= Activity =
Could you restate word for word every line from the one containing "Scion iA 2016 Scion iA 3MYDLBZV1GY125125" to the end of the data below, pictures excluded?

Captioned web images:
* * * * * * *
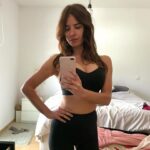 Paula Prendes Instagram - Fotos ante el espejo ¿Son selfies, son autofotos, cómo se llaman realmente? Ante el espejo de casa, en el ascensor, en un lugar random. Se las envías a tu círculo más íntimo y cercano, porque te has visto favorecida, porque les quieres enseñar cómo vas vestida, porque sí! Te retratas de tal manera que te sientas a gusto con lo que te devuelve el espejo, que tu auto imagen esté en paz con lo que el espejo te cuenta de ti! Estoy segura de que muchas/os nos vemos mejor en estas fotos que nos hacemos que las que nos hacen los demás. Qué importante nos resulta estar en paz con nuestra imagen, la propia y la que queremos proyectar. Hay días para gustarse, hay días para arrancar los espejos y hay días para enseñar tus #fotoespejo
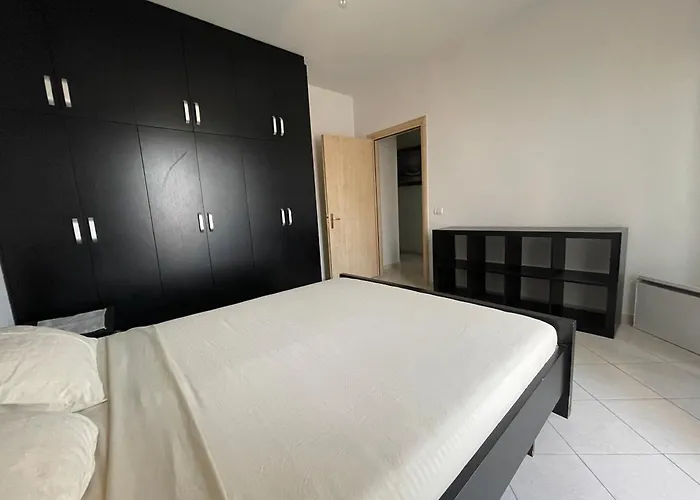 - Private 3 3* טיראנה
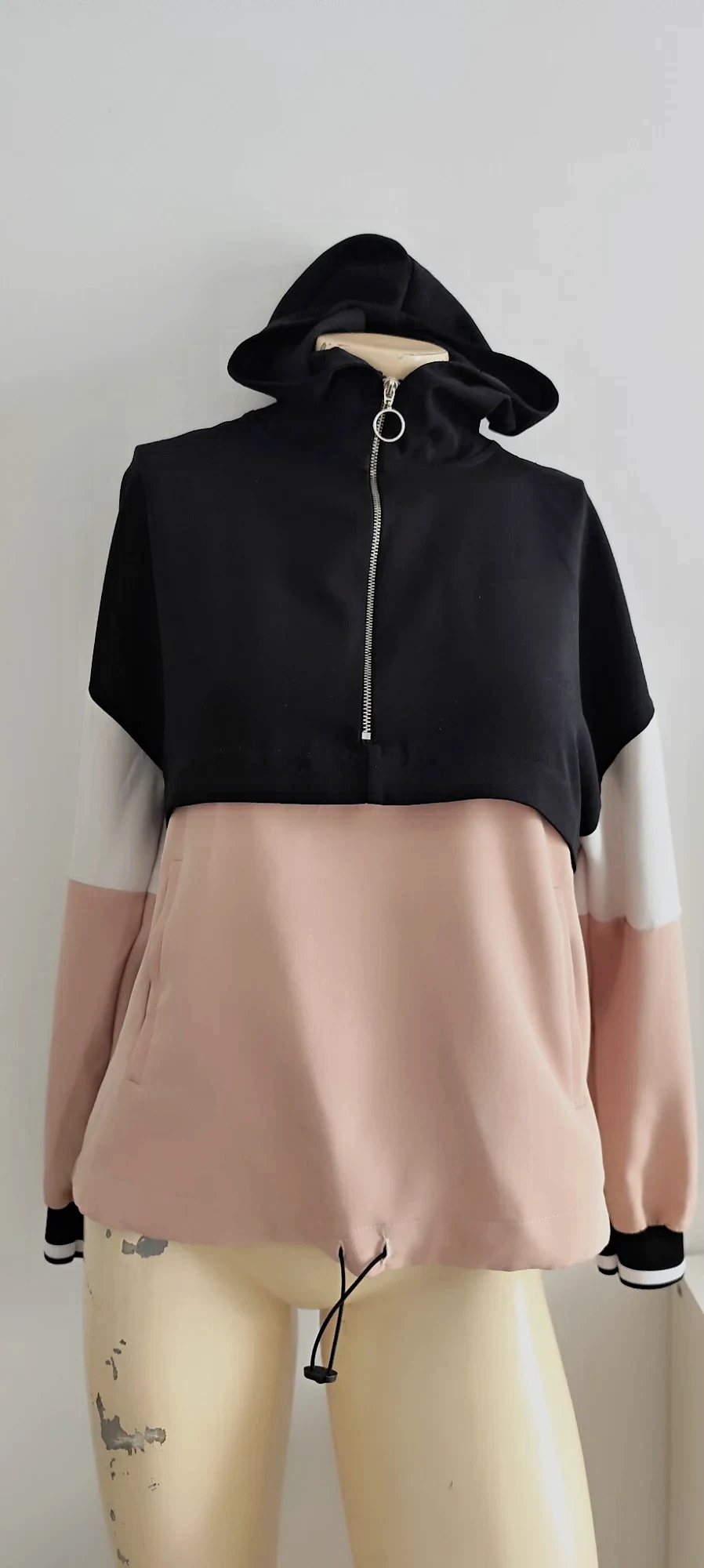 tres jolie haut a capuche taille s zara 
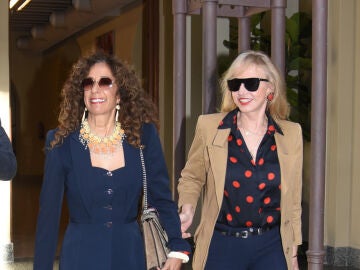 Rosario Flores y Mariola Orellana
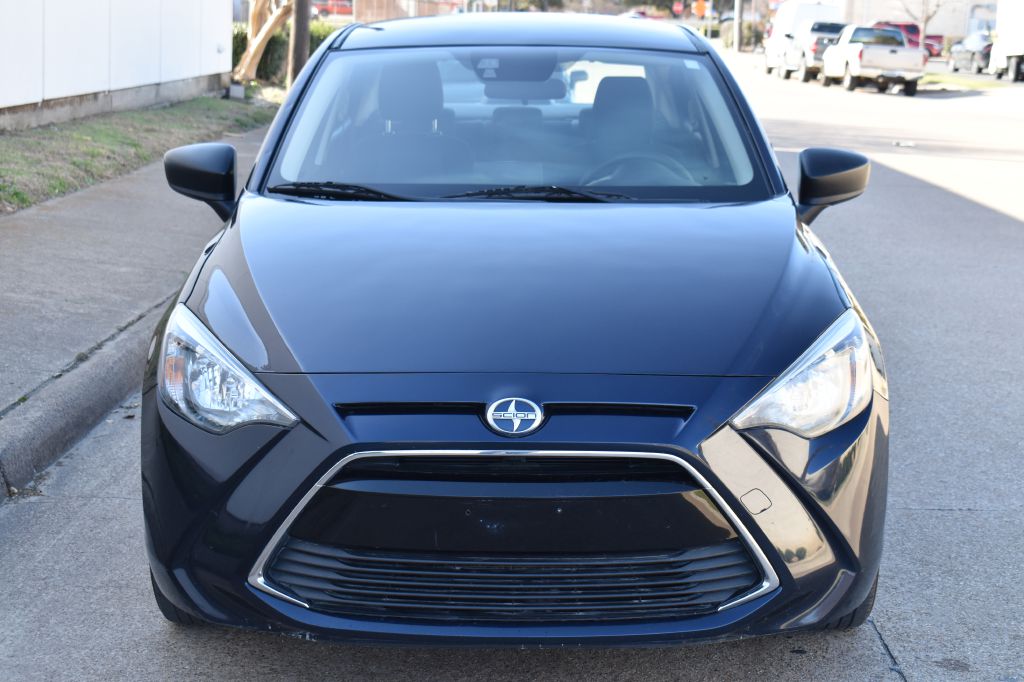 Scion iA 2016 Scion iA 3MYDLBZV1GY125125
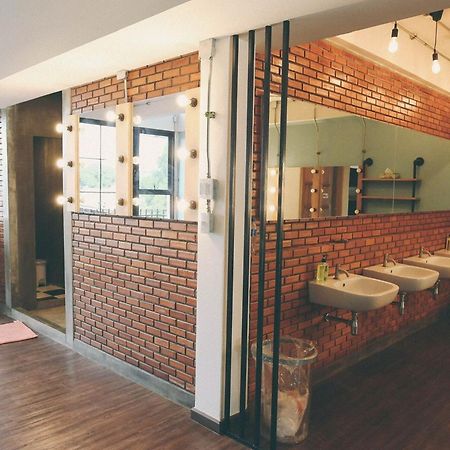 Vestique Hostel Chiang Mai Esterno foto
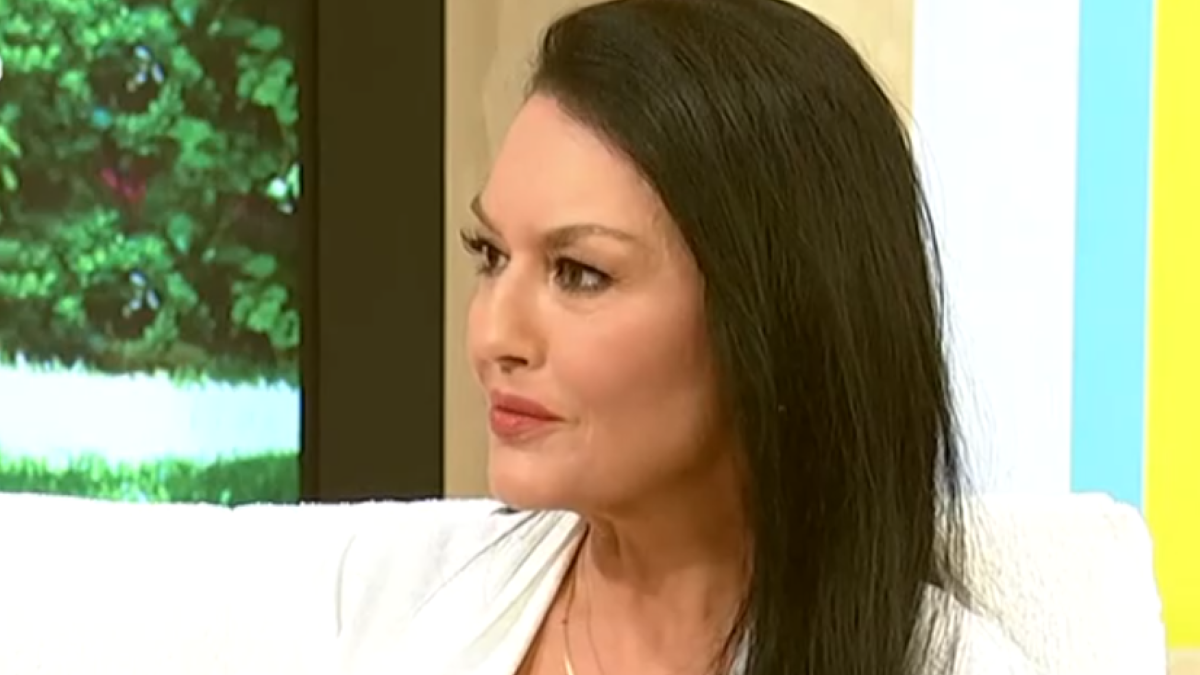 Ελένη Φιλίνη: «Ο μπαμπάς μου είχε επιχειρήσεις και καταστράφηκε. Από 15 χρονών δούλευα, μαζί με το σχολείο»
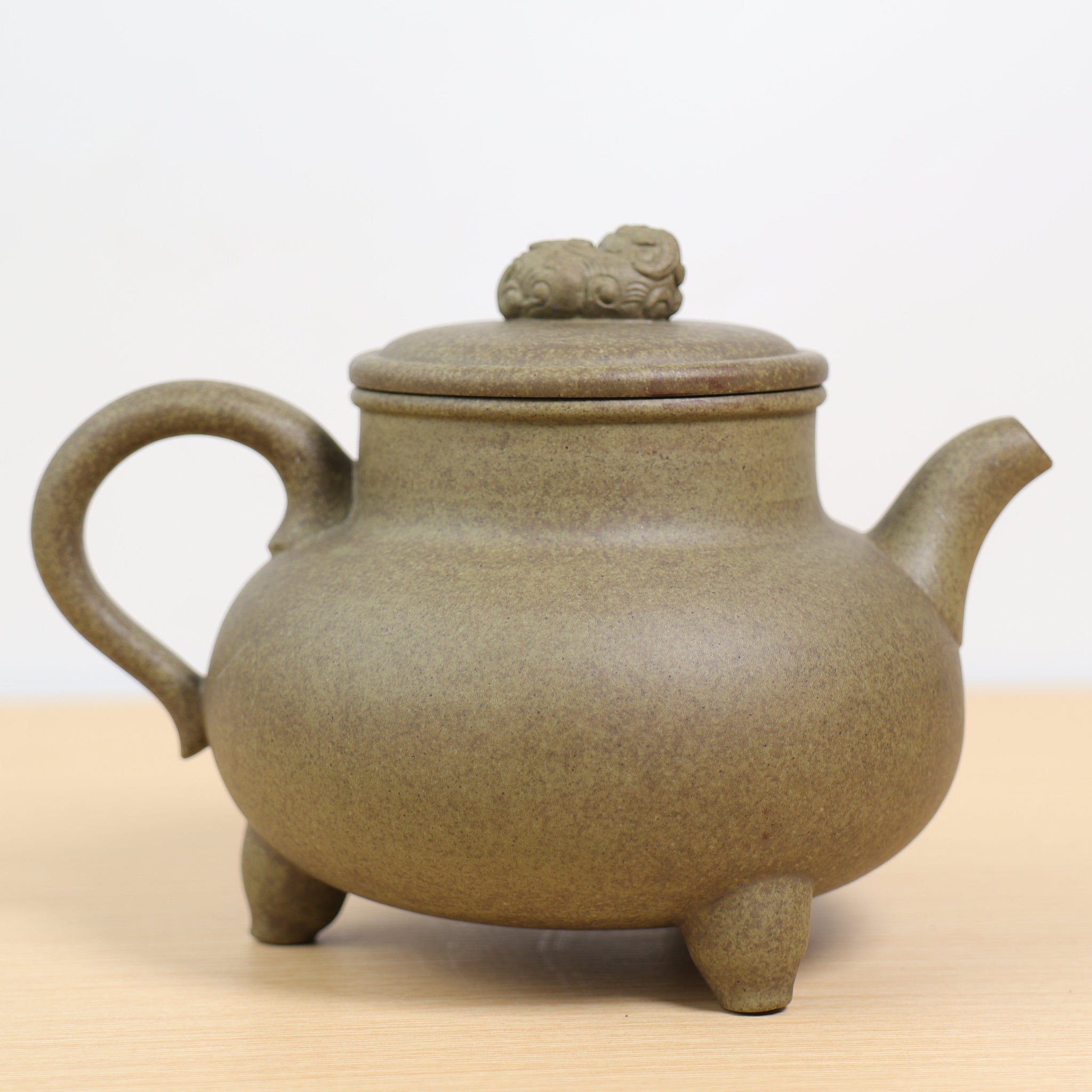 *Autumn Reward｜Buy one, get five free* [Wealth Reward] Raw Mineral Longbei Qingtuan Mud Purple Clay Teapot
* * * * * * *
= Answer for this exercise =
 Scion iA 2016 Scion iA 3MYDLBZV1GY125125
 Vestique Hostel Chiang Mai Esterno foto
 Ελένη Φιλίνη: «Ο μπαμπάς μου είχε επιχειρήσεις και καταστράφηκε. Από 15 χρονών δούλευα, μαζί με το σχολείο»
 *Autumn Reward｜Buy one, get five free* [Wealth Reward] Raw Mineral Longbei Qingtuan Mud Purple Clay Teapot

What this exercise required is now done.